PROBLEM DETAILS
Please restate every entry exactly. Leave out the pictures.

(EXERCISE DATA Opens)

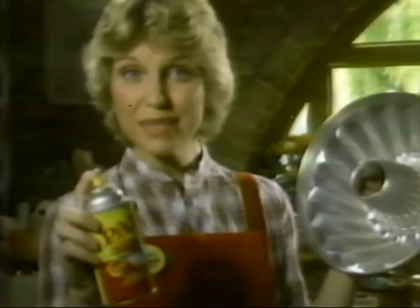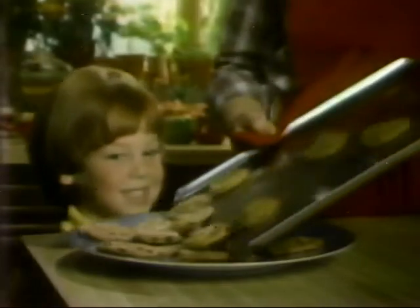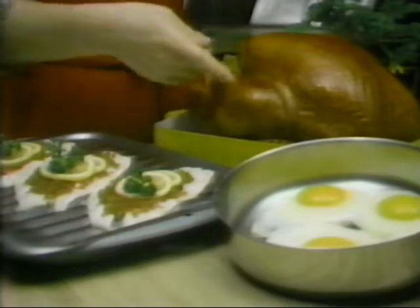Bake with no-stick Pam and you don't need to grease or flour. Cake won't stick. Cookies slide off. And since low-calorie Pam adds no flour, you can roast, fry, even broil.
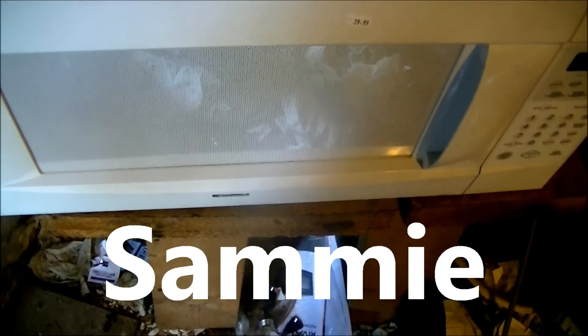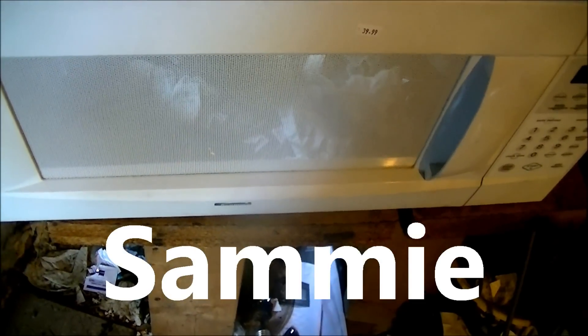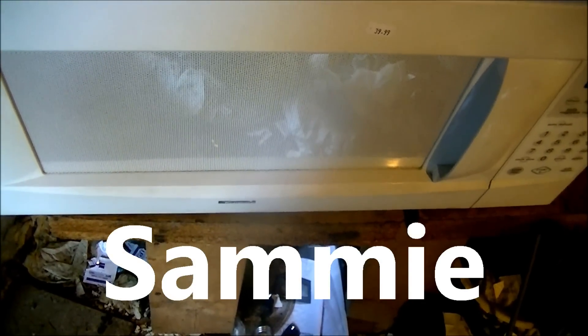This piece of cactus will be microwaved in Sammy, who I have named after a very dear friend of mine who is extremely important to me.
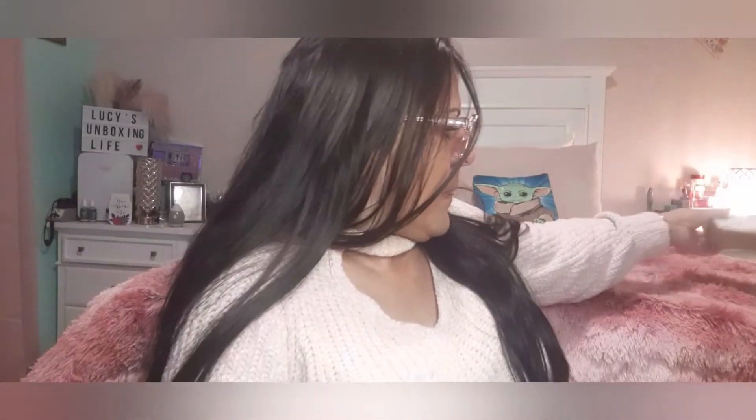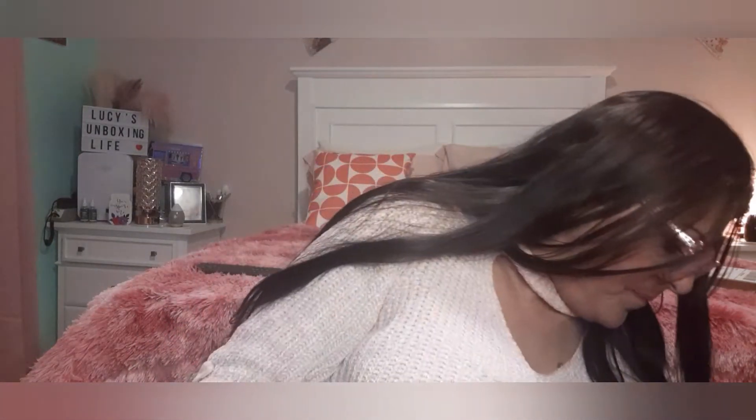Their shipping is amazing because their stuff comes so fast. So these are my gifts to myself. Now I'm going to do my Boxycharm base box unboxing.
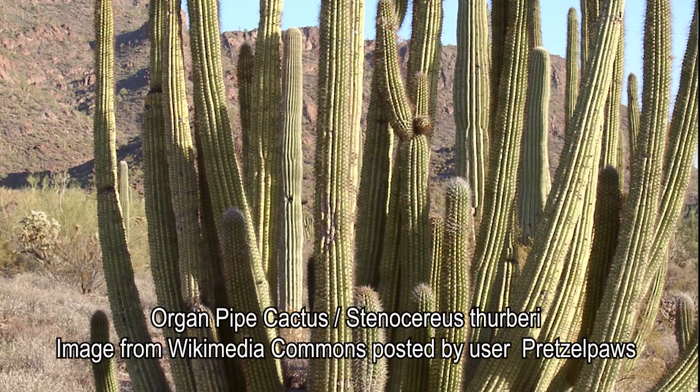My third choice is the organ pipe cactus. This is where I got myself by limiting to Arizona and New Mexico, because I really wanted to choose the cardone — my favorite cactus, it's huge. If you've been to southern Arizona you've seen the saguaro, that classic massive cactus with arms. The cardone is even bigger, with more arms that form closer to the ground — I think they're the biggest cactus in the world. But cardone is only in Sonora, so I chose the next best: the organ pipe cactus, found in southern Arizona — another big multi-branching cactus that is really interesting, beautiful, and huge.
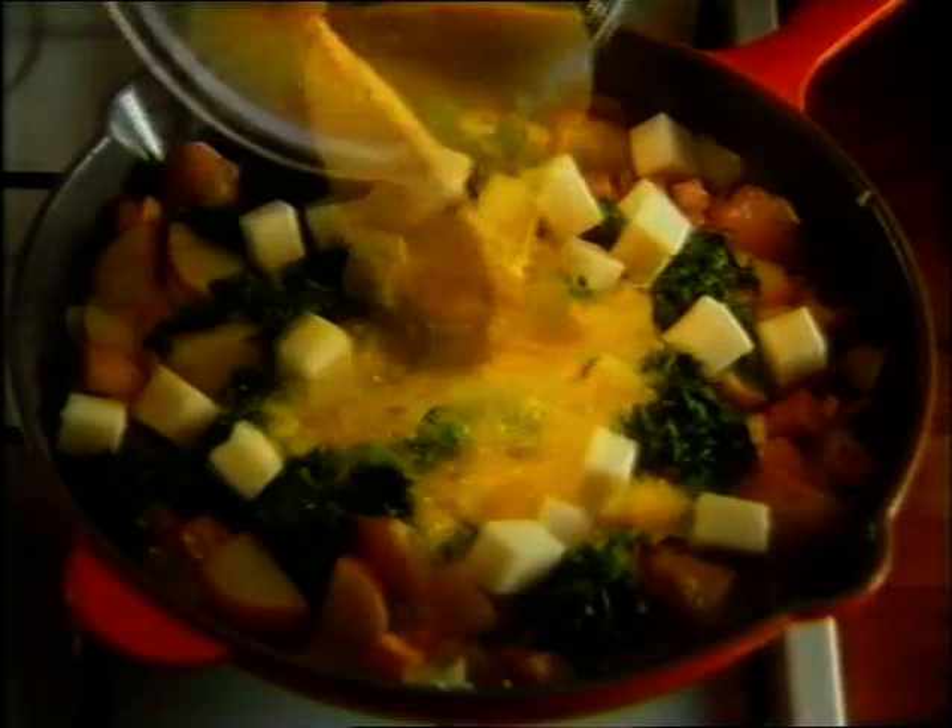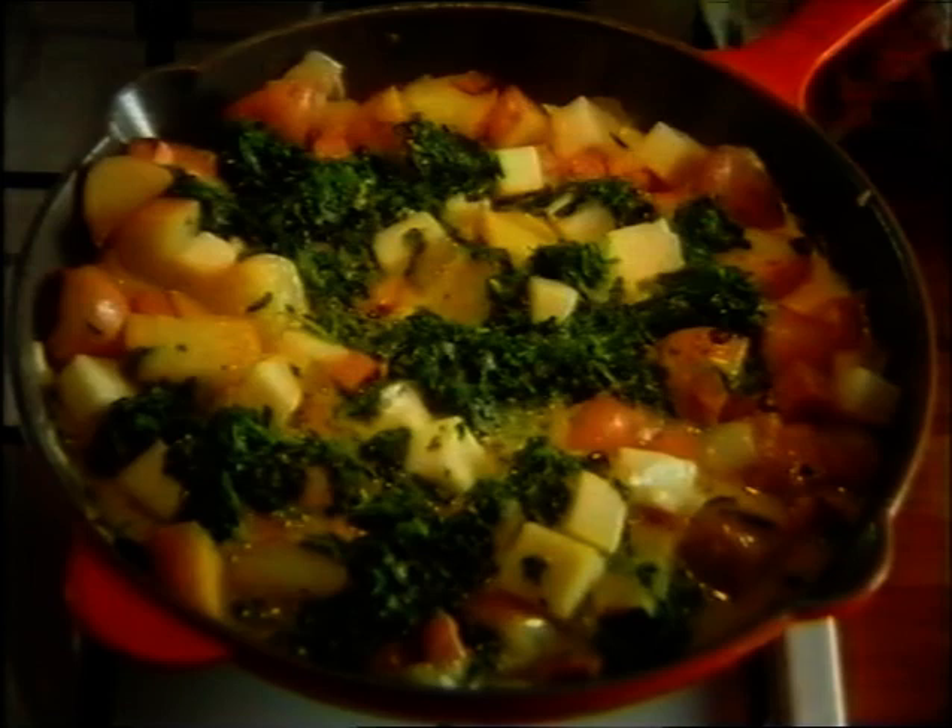Beat together six eggs and pour into the pan. Stir gently just to even out the ingredients.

(EXERCISE DATA Closes)

TASK RESULT
Bake with no-stick Pam and you don't need to grease or flour. Cake won't stick. Cookies slide off. And since low-calorie Pam adds no flour, you can roast, fry, even broil.
This piece of cactus will be microwaved in Sammy, who I have named after a very dear friend of mine who is extremely important to me.
Their shipping is amazing because their stuff comes so fast. So these are my gifts to myself. Now I'm going to do my Boxycharm base box unboxing.
My third choice is the organ pipe cactus. This is where I got myself by limiting to Arizona and New Mexico, because I really wanted to choose the cardone — my favorite cactus, it's huge. If you've been to southern Arizona you've seen the saguaro, that classic massive cactus with arms. The cardone is even bigger, with more arms that form closer to the ground — I think they're the biggest cactus in the world. But cardone is only in Sonora, so I chose the next best: the organ pipe cactus, found in southern Arizona — another big multi-branching cactus that is really interesting, beautiful, and huge.
Beat together six eggs and pour into the pan. Stir gently just to even out the ingredients.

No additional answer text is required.